- WORK REQUIRED
Whenever a line below holds the word "small", copy that line.

Items listed in a dataset:
----------

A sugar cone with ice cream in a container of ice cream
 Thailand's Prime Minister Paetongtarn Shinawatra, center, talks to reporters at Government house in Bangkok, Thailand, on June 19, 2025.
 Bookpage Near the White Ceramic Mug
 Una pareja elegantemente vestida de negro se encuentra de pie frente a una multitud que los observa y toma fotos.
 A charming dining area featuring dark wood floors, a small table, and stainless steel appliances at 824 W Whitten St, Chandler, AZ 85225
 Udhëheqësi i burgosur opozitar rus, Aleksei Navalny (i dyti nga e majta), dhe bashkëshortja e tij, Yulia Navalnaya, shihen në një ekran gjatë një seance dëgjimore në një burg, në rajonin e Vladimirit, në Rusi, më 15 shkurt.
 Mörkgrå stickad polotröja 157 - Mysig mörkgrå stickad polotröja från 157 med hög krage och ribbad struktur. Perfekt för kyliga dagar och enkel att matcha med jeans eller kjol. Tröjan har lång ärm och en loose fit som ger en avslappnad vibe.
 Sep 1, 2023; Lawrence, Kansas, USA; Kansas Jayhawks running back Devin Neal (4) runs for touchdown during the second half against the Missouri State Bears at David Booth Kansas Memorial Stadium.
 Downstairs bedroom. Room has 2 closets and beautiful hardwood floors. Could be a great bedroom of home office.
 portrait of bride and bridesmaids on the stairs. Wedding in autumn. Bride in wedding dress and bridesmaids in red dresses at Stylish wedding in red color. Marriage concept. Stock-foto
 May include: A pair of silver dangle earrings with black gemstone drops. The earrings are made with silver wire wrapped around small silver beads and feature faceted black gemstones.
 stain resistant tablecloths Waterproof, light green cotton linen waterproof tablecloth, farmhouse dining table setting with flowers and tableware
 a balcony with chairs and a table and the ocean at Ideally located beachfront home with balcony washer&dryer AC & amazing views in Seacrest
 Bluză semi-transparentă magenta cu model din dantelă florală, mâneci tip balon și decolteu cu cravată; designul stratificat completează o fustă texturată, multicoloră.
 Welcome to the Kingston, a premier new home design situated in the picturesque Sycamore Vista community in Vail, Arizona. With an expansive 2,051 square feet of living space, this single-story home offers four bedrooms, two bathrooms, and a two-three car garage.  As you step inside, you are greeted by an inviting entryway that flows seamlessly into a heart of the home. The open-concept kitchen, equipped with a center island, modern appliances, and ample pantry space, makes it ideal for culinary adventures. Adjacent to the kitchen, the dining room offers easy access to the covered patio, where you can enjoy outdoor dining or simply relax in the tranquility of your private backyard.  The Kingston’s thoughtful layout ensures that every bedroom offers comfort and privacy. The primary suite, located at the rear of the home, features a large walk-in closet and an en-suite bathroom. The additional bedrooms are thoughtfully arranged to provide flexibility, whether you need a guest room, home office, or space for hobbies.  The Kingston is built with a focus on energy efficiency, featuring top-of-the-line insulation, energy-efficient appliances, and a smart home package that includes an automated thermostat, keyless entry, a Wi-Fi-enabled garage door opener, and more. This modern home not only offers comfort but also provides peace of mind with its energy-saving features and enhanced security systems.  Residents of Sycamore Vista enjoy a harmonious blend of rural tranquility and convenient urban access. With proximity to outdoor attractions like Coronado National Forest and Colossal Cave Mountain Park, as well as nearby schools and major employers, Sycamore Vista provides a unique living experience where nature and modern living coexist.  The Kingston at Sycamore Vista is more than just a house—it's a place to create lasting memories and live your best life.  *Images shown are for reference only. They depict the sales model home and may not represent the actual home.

----------

- OUTPUT BELOW
 A charming dining area featuring dark wood floors, a small table, and stainless steel appliances at 824 W Whitten St, Chandler, AZ 85225
 May include: A pair of silver dangle earrings with black gemstone drops. The earrings are made with silver wire wrapped around small silver beads and feature faceted black gemstones.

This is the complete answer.